Beloved

Wednesday, February 6, 2013 — Week of 4 Epiphany (Year One)

The Martyrs of Japan, 1597

[Go to http://www.missionstclare.com/english/index.html for an online version of the Daily Office including today’s scripture readings.]

Today’s Readings for the Daily Office

(Book of Common Prayer, p. 946)

Psalms 72 (morning) // 119:73-96 (evening)

Isaiah 54:1-10 (11-17)

Galatians 4:21-31

Mark 8:11-26

Today we have a lovely convergence. We begin with a beautiful oracle from Isaiah consoling Jerusalem. Using the imagery of a childless mother, Isaiah tells the city that God will be her husband and will grant her many offspring. God’s steadfast love will stay with her, God will have compassion on her, “and my covenant of peace won’t be shaken, says the LORD, the one who pities you.” (Isaiah 54:10, CEB). Finally Isaiah imagines a new Jerusalem built of jewels and precious stones.

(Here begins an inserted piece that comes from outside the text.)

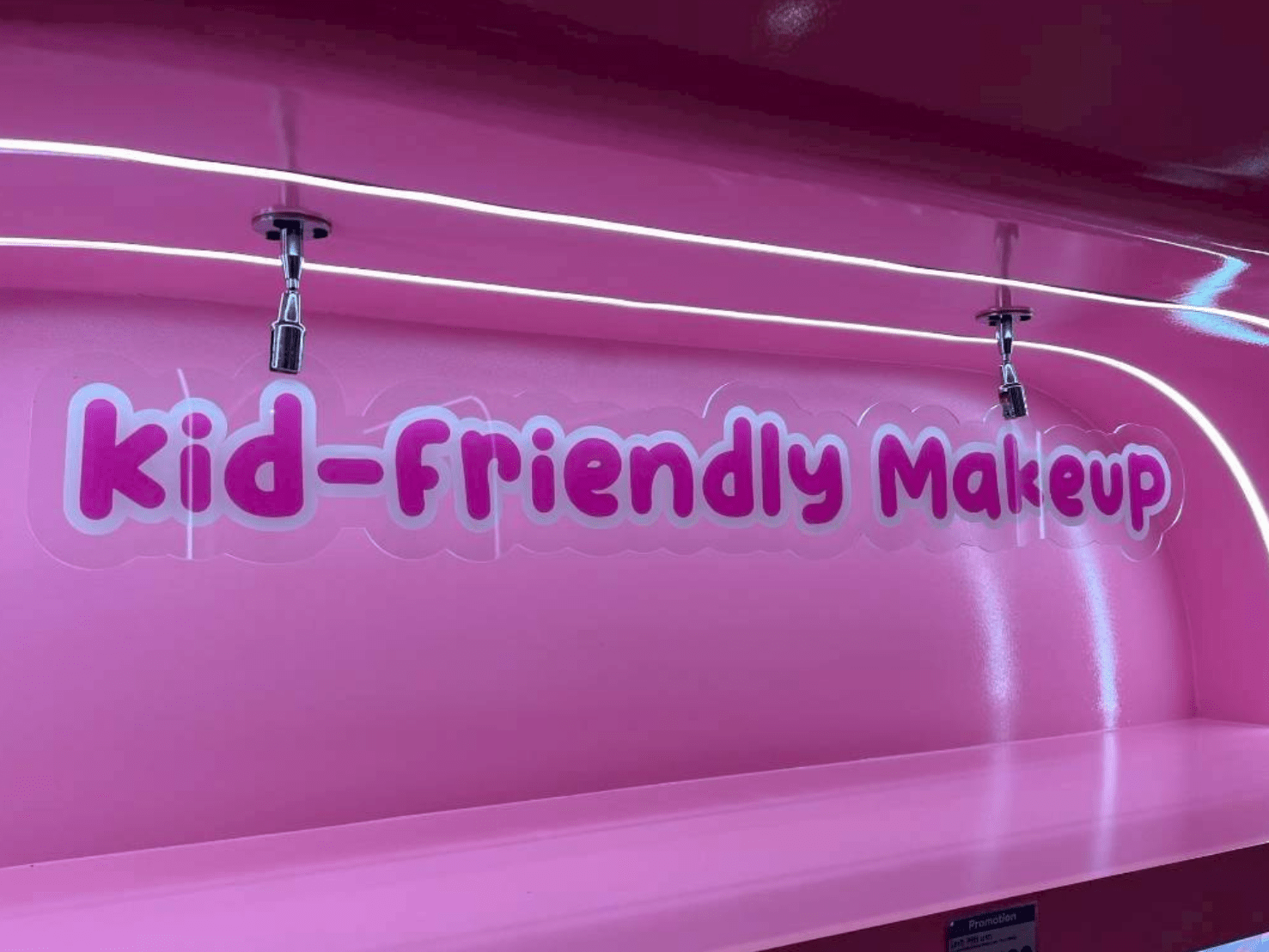 ป้าย kid-friendly makeup สีชมพูไฟนีออน กรอบอะคริลิคแขวนผนังโค้งเงา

We move ahead five centuries and hear Paul’s interpretation of these same verses. Paul takes this same imagery from Isaiah and combines it with the story of Hagar and Sarah to tell the Christian community that there are two Jerusalems and two family lines of Abraham.

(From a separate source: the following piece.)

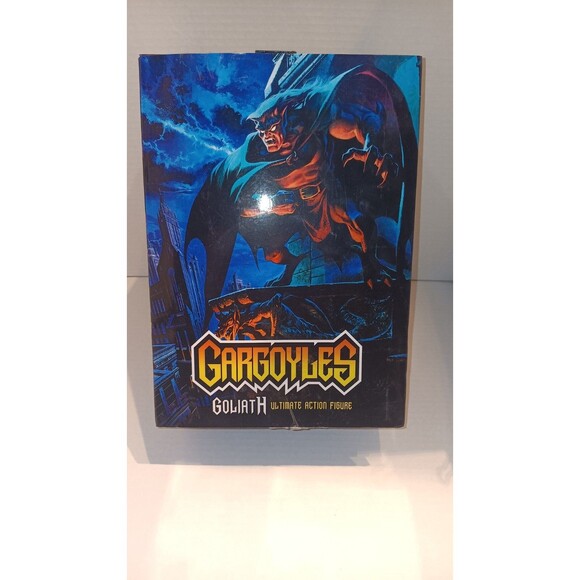 NECA Disney's Gargoyles Goliath - Ultimate 7" Action Figure w/ Accessories - Picture 1 of 7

Paul argues that there is one inheritance from Abraham that is the inheritance of the flesh, through Hagar, from Mount Sinai for Moses was given the law. The children of this household are children of slavery, children of the law. Paul says that there is another inheritance from Abraham that is the inheritance of the Spirit, children of the promise through Sarah. She “is free, and she is our mother.” (Gal. 4:26)

Paul then quotes the same passage we have just read in Isaiah: “Rejoice, barren woman, you who have not given birth. Break out with a shout, you who have not suffered labor pains; because the woman who has been deserted will have many more children than the woman who has a husband.” (Gal. 4:27) We read Isaiah speaking those lines to a demoralized people in Babylonian exile and to a Jerusalem oppressors by foreign occupiers. And we read Paul’s interpretation of that same passage for his generation five centuries later.

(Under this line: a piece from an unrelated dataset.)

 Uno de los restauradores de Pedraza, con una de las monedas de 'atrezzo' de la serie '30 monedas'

Paul tells his readers that it is our inheritance to be beloved children, not slaves to rules. Paul asks the church to embrace the new inheritance of freedom and to reject the old prison of legalisms.

From time to time I hear people speak of their coming into the Episcopal Church in similar terms. Formerly they lived in religious communities that were based on guilt and moralism. Now they have found freedom and encouragement to claim their place as God’s beloved children and to live freely in the Spirit.

May the promised blessings be embraced: many offspring, steadfast love, the covenant of peace and the compassion of God, fulfilled for all.